If we're talking about the negatives of marriage for women, I'm not sure I'd include cohabitation. Simply because even though marriage can be argued to 'trap' women, it also offers some protection in the event of relationship breakdown that isn't there for a woman living in a cohabiting relationship that fails. Of course, it's possible to enshrine all those benefits through legal means without getting married, but few people seem to do so and with rare exceptions it seems to be nearly always the woman who falls foul of it.
Not that that's an argument to get married, but in terms of the OP it's why I wouldn't necessarily lump in marriage and cohabitation in the same group.
In terms of daily life, I agree that there probably isn't much difference though. Legally marriage is a big deal, but it doesn't make any difference to how you live that marriage.
Do I think both suck? For a lot of women, sadly I think it does. I know several people who are happily married and for whom the benefits are obvious. Neither party in the relationship would be able to do what they do as a single person and both would experience a significant drop in income should they separate. Their respective families have become a united whole and, of course, perhaps most importantly
they love each other. They represent the idealised (modern) notion of marriage and how it should work. And for couples like this, it does work.

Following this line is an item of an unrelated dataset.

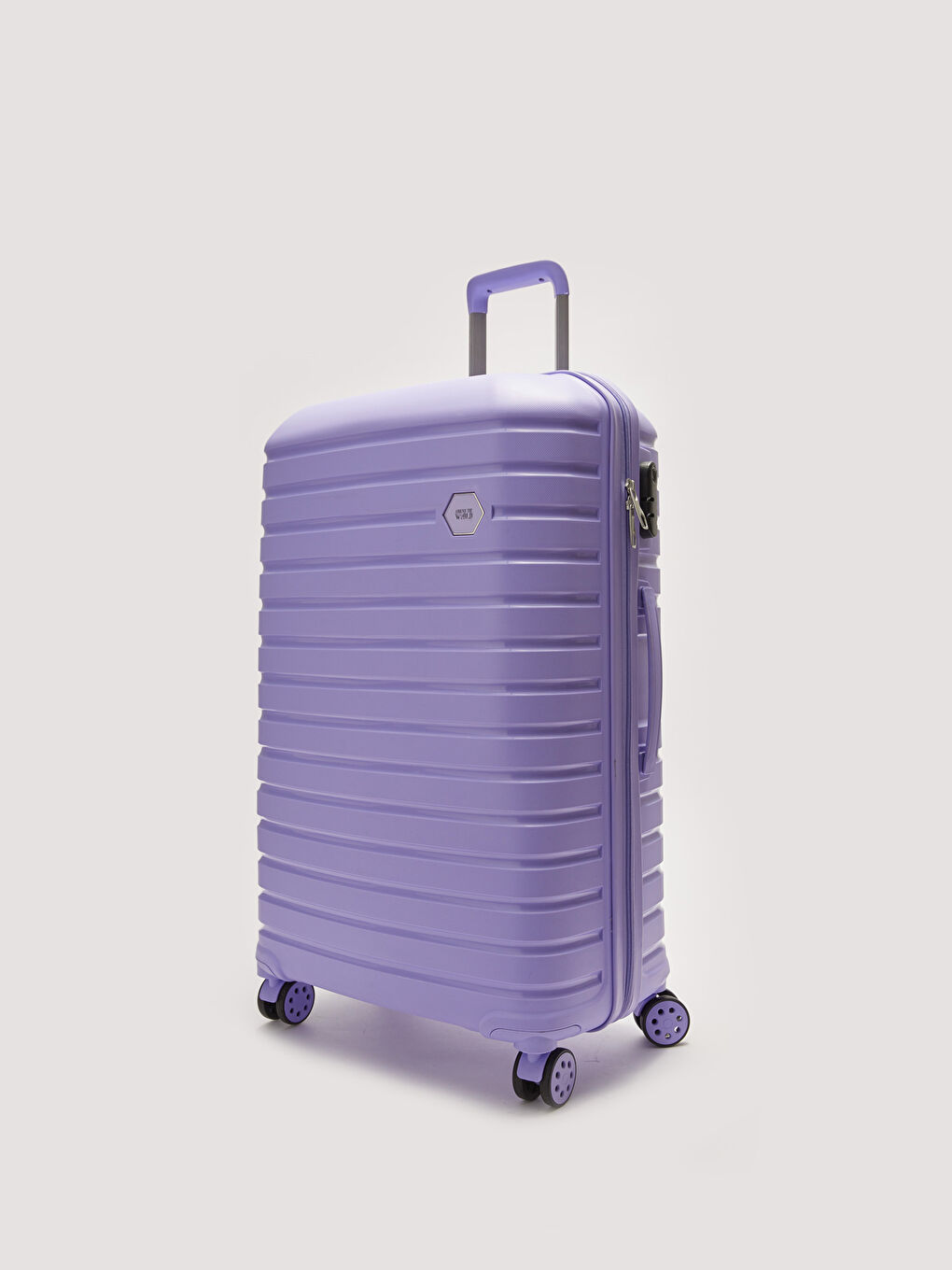 Orta Boy Çekme Mekanizmalı Valiz-1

However, I don't believe that's the reality for the majority. Given the rate of relationship breakdown (combining divorce and cohabitation breakdown) the rate is about half. Of the remaining half, are they all happy? Of course, they're not. We all know people who are miserable together, or whose spouse is having an affair. THen you have domestic violence at a rate of 1 in 4. For me, the only conclusion is that for most women, marriage and cohabitation does not equate to happiness, love, fidelity, bodily integrity and respect. Factor in the research on poverty, which shows most women still earning less than men and much more likely to be poor - particularly on relationship breakdown which ^does not affect the man in the same way nor to anywhere near the same extent - and it's clear that marriage and cohabitation do not equal financial stability either unless you stick at it through thick and thin despite all else (including infidelity and abuse). To me, that seems to be the definition of 'trapped'.
I think marriage is a by-product of a different age, when society was organised on different lines. I don't think you can look at it without taking into account its cultural backdrop. Of course, it has changed over time. The over-riding reason for marriage now is love, whereas not so long ago that was probably at the bottom of the list of reasons to get married, when it was all about property union. That doesn't mean that all of the effects of those original purposes for marriage have vanished though. Women remain more likely to be raped and assaulted by their marriage partner than they do a random person on the street, they are still more likely to be the secondary earner and so more vulnerable.
Do I judge individual women for getting married? Of course not. Like I said, when marriage does work for both partners, it can work exceptionally well. It's a cornerstone of our culture and the building block of society. It's normal and as such it would be crazy to judge individual women for making a normal decision - especially if they are one for whom it does actually work quite well. However, that doesn't stop me from thinking that, generally speaking, marriage hurts more women than it protects and is only one way of organising your life. If there was a true choice in how we live our lives (e.g. no one batted an eyelid at other choices and our economy was geared up to different types of household rather than the heterosexual pair bond) I think we'd see a lot more variety and have a much nicer society. I think we'd find a lot more same-sex platonic households in which sex was something that happened in a relationship but not a cohabiting/married one. We'd still have married couples, but we'd have variety, and personally I think that would be a good thing and provide much greater stability for a lot of children.